Data excerpts
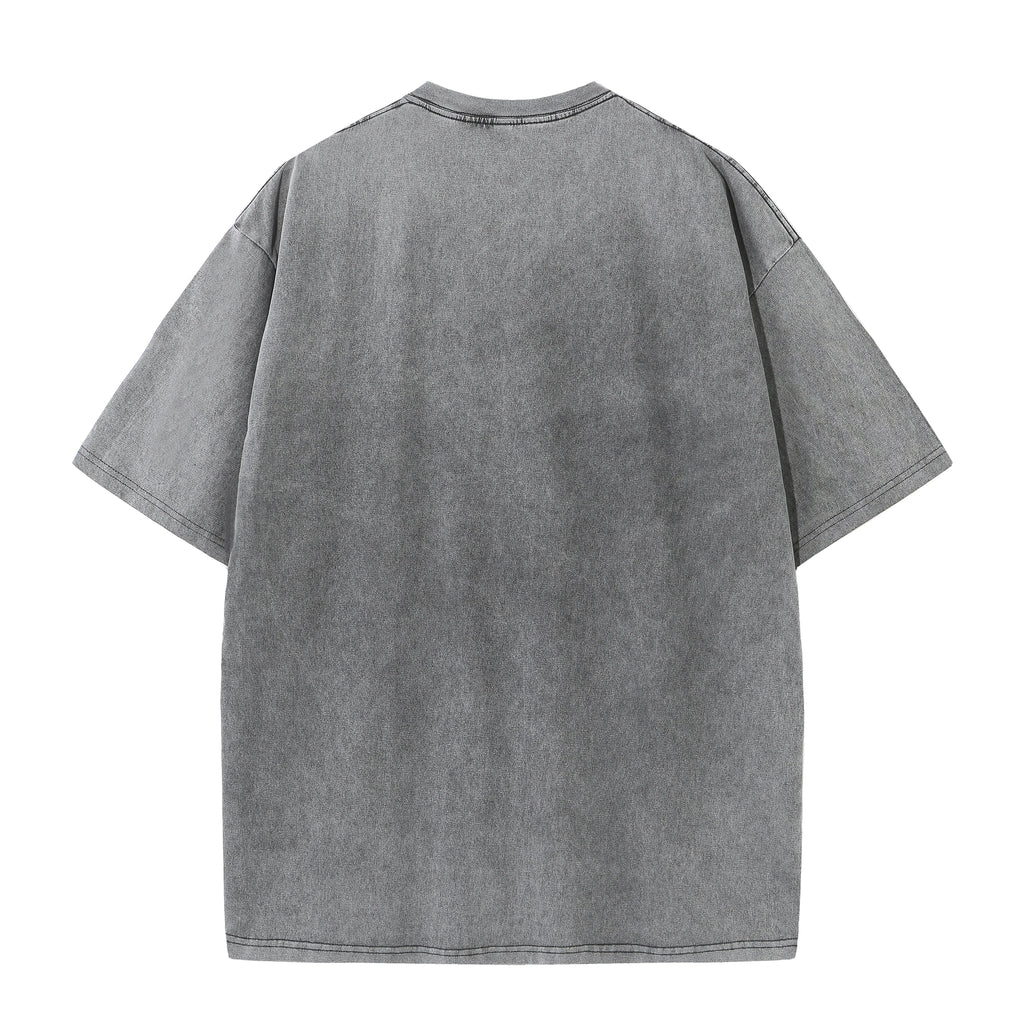 Men's summer pure cotton distressed retro drop shoulder T-shirt solid color loose casual breathable men's casual T-shirt tops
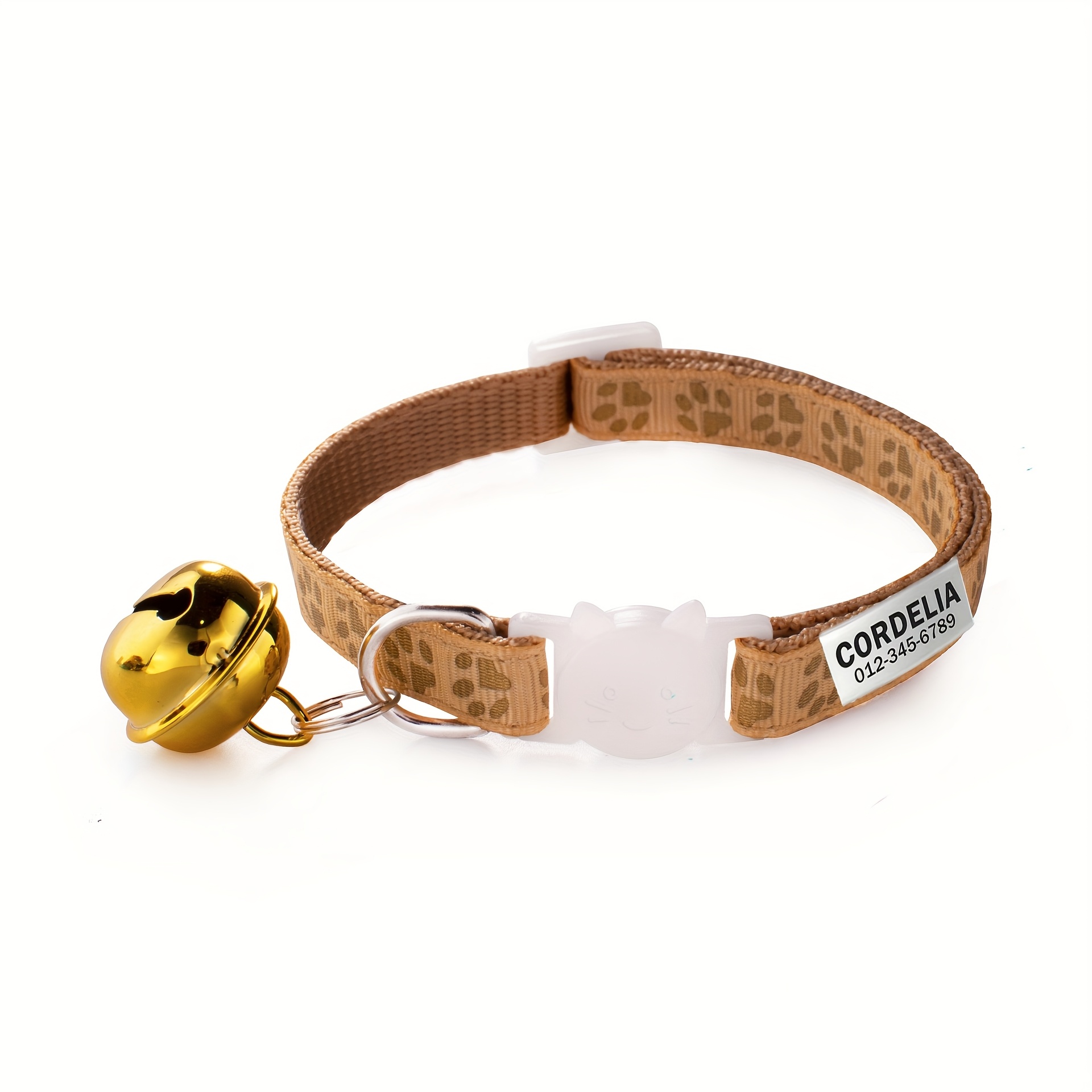 Customizable Golden Paw Print Patterned Adjustable Cat Collar with Bell
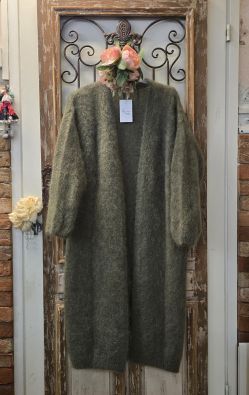 Hug Me pitkä neulejakku Vihreä pehmeä mohair kangas pitää sinut lämpimänä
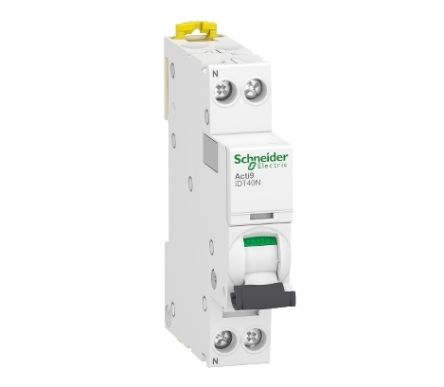 Schneider Electric Acti 9 Acti9 iDT40N MCB, 1+N, 40A Curve D, 230V AC [A9P34640]; 238-3402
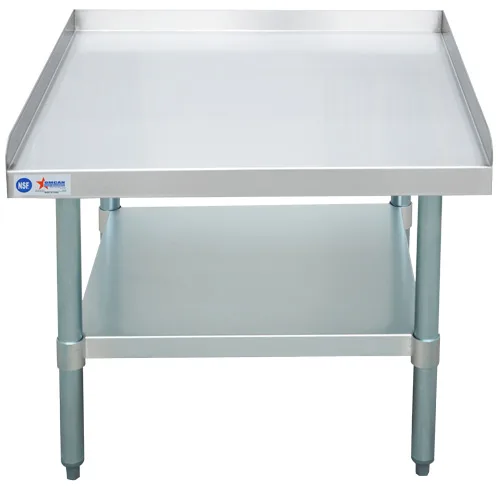 30″ x 30″ 18 Gauge 430 Stainless Steel Equipment Stand with Galvanized Undershelf and Legs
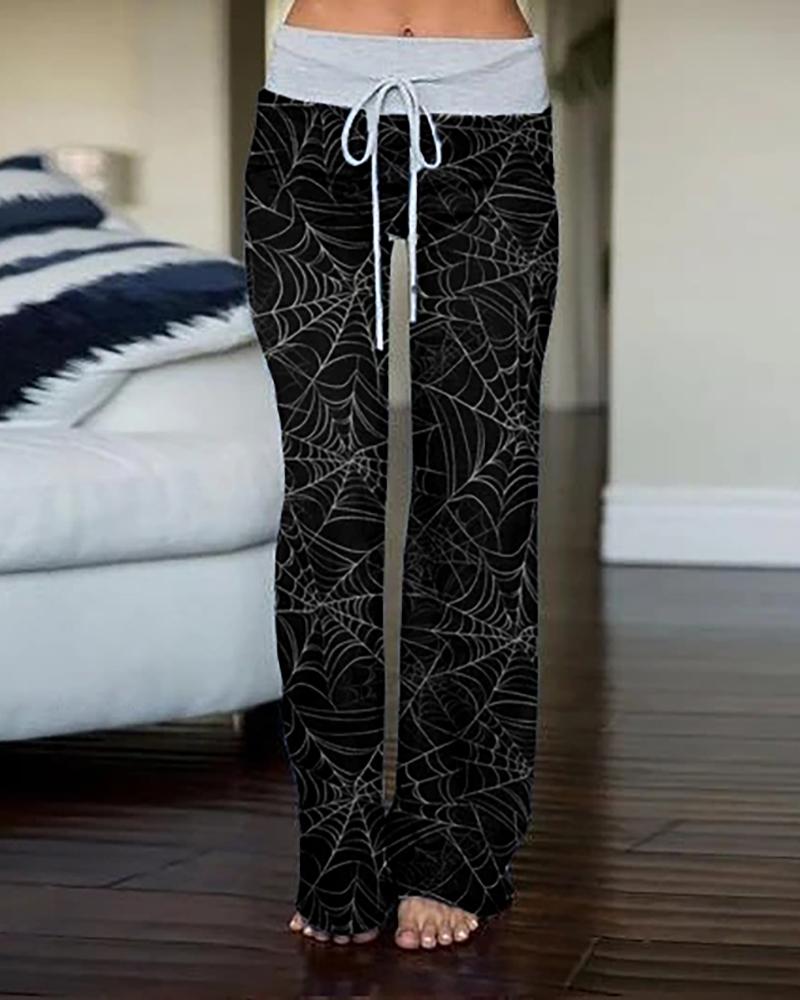 

Halloween Pumpkin Animal Print Drawstring Pants, Gray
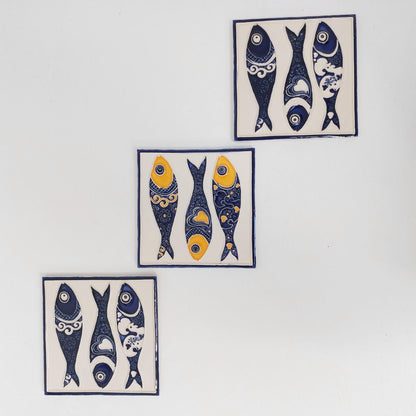 Hand-Painted Azulejo Sardine Tile Mural, Portuguese Wall Art (Set of 3)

Problem description
Transcribe exactly the portion of the material above that runs from the line containing "Schneider Electric Acti" through its last line, omitting all pictures.

Exercise solution
 Schneider Electric Acti 9 Acti9 iDT40N MCB, 1+N, 40A Curve D, 230V AC [A9P34640]; 238-3402
 30″ x 30″ 18 Gauge 430 Stainless Steel Equipment Stand with Galvanized Undershelf and Legs

Halloween Pumpkin Animal Print Drawstring Pants, Gray
 Hand-Painted Azulejo Sardine Tile Mural, Portuguese Wall Art (Set of 3)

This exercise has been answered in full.